Sebagian masyarakat bahkan ada yang
mengatakan bahwa tahlilan ini adalah bagian dari keutamaan yang harus dilakukan
oleh keluarga si mayit demi membantunya di alam barzahnya, mereka merasa ada
yang kurang (tidak lengkap) dalam penyelenggaraan pengurusan jenazah jika tidak
ada tahlilan. Bahkan di masyarakat kerap kali keluarga yang tidak melakukan
tradisi ini menjadi buah bibir dan omongan negative diantara mereka, meskipun
hal ini biasanya hanya berlangsung sebentar saja.
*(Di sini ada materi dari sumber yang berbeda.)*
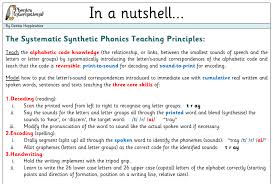 … early years educators need to know how children develop language and literacy, and how to teach early phonics (p. Systematic Synthetic Phonics Smart Speech Therapy Llc Facebook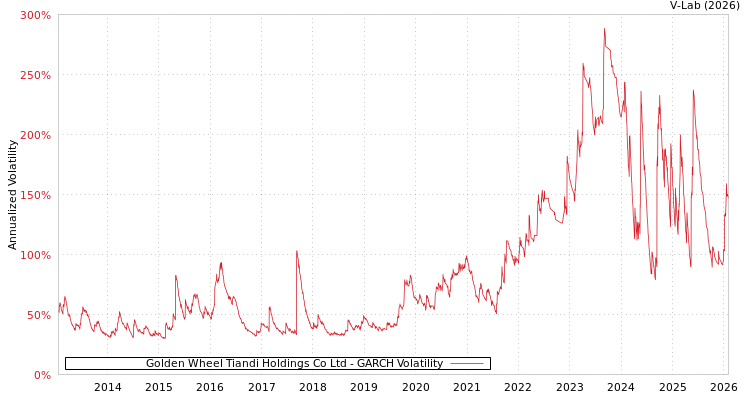 graph of Golden Wheel Tiandi Holdings Co Ltd GARCH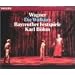 The best  Wagner for beginners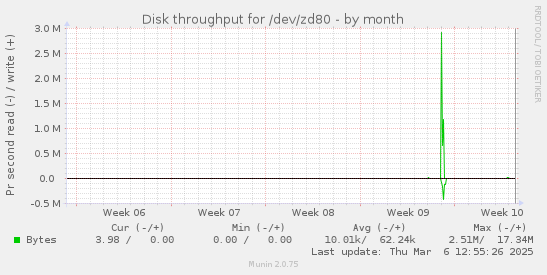 Disk throughput for /dev/zd80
Untuk itu dalam menyikapi masalah
ini perlu hati-hati dan perlahan namun wajib untuk dilakukan perbaikan kea rah
yang ideal. Tindakan perlahan-lahan dalam perubahan ini bukan berarti kita
harus menyalahi syari’at atau hukum.
Dari penjelasan beberapa hal yang menjadi isi suatu acara
tahlilan diatas bisa disimpulkan :
- Bahwa amal-amal yang dilakukan, seperti dzikir, doa, sedekah yang pahalanya untuk dikirimkan kepada si mayit diperbolehkan.Khusus pengiriman pahala bacaan Al Qur’an, —seperti al Fatihah, Yasin atau yang lainnya—kepada si mayit hendaklah dilakukan ikhlas karena Allah, tanpa mengeluarkan atau meminta bayaran.
- Penyediaan makanan dan minuman bagi para penta’ziyah atau para hadirin haruslah disiapkan oleh para tetangga atau keluarga jauh dari si mayit tanpa membebankan keluarga dekat si mayit. Dalam penyediaan ini juga harus dihindari kemubadziran dalam penyediaannya.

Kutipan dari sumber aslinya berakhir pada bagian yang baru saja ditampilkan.